Access provided by Autonomous University of Puebla. Download conference paper PDF

Computer-aided diagnosis through medical image retrieval in radiology

Article Open access 01 December 2022

Improving Joint Learning of Chest X-Ray and Radiology Report by Word Region Alignment

FgKF: Fine-Grained Knowledge Fusion for Radiology Report Generation

Keywords

1 Introduction

The promise of automated deep learning systems to assist radiologists is enormous. At the moment, important milestones, such as better consistency or even better performance have been achieved on an increasing number of use-cases [18, 37]. A source of inspiration in further improvement of these efforts is the way humans register and analyze images, which for deep learning has shown to be effective in the past [17, 37].

In any analysis, a doctor provides the memory and knowledge to place what is currently seen in the context of what has been seen before.
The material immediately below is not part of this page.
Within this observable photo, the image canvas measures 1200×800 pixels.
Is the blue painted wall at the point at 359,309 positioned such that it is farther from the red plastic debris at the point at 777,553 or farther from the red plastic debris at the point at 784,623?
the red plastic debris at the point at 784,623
In principle this can be compared to what implicitly happens at scale in any deep learning method. A doctor’s analysis is not implicit though. Their analysis process can be described and verified. We wonder whether (medical) deep learning methods could benefit from an explicit memory/knowledge infusion.
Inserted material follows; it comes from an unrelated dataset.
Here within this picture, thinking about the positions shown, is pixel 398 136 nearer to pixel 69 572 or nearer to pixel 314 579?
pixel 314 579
Making deep learning methods more explicit in terms of using past observations has already been studied in Natural Language Processing (NLP), in the form of retrieval augmentation [14, 21]. Supplementing data by retrieving relevant retrieved information can lead to performance gains [4]. This process can be thought of to work as both an enrichment and regularization process. A benefit of retrieval augmentation is that context from a trusted knowledge source is used as a supplement [13, 29]. The versatility of retrieval augmentation, which essentially provides a non-parametric memory expansion, is gaining traction in the multi-modal field [4, 28].

Multi-modal data modalities typically have different strengths leading to a strong and a weak data modality [37]. For instance, radiology reports generally contain richer and more complete information than X-rays, since the report is essentially a clinician’s annotation [24]. With retrieval augmentation information can be transferred explicitly from the strong to the weak modality.
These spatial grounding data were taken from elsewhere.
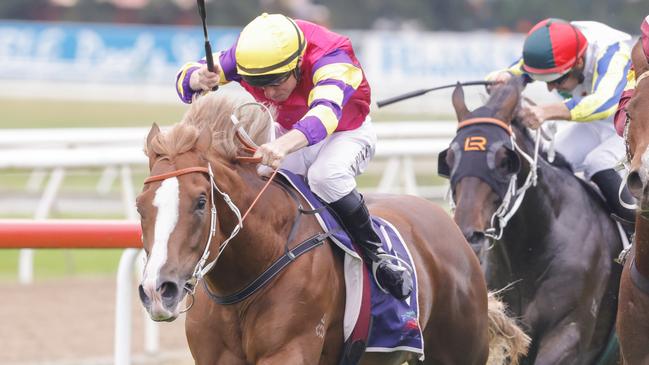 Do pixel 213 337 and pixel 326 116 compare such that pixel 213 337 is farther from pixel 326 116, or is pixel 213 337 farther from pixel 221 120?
pixel 326 116

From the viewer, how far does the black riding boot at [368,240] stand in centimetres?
416

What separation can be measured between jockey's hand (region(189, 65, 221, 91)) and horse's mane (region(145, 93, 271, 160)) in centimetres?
23

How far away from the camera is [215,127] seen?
3846 millimetres

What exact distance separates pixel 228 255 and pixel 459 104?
186cm

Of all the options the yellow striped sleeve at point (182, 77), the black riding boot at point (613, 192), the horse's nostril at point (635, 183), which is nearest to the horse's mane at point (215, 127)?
the yellow striped sleeve at point (182, 77)

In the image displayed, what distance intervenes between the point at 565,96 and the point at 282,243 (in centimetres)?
228

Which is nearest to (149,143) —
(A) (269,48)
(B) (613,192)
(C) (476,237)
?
(A) (269,48)

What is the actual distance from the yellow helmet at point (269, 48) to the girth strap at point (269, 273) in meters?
0.59

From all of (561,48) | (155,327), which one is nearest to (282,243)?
(561,48)

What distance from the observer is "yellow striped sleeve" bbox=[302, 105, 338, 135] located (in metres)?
3.88

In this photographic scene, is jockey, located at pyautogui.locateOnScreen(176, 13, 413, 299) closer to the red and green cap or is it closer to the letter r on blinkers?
the letter r on blinkers

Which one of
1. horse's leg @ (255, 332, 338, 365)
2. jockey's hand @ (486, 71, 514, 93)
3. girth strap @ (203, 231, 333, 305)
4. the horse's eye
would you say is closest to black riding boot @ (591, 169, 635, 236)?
jockey's hand @ (486, 71, 514, 93)

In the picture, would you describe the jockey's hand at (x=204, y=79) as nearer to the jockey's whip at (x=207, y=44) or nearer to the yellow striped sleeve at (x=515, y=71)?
the jockey's whip at (x=207, y=44)

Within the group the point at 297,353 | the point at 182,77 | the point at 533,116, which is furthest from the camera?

A reason retrieval augmentation methods are not yet adopted for medical applications lies in the weakness of retrieval methods for the medical domain. Retrieval in the general domain is focused on global image regions [8, 16] whereas in medical images global features, such as body/organ structure are similar across patients. Meanwhile more fine-grained aspects are more discriminating as disease indicators, but are easily overlooked. The need for fine-grained results makes medical image retrieval magnitudes more complex.

We propose X-Ray Task Retrieval Augmentation (X-TRA), a framework for retrieval augmentation in a multi-modal medical setting, specifically designed for X-ray and radiology report analysis. To do so we introduce a cross-modal retrieval model and retrieval augmentation method. We make the following contributions.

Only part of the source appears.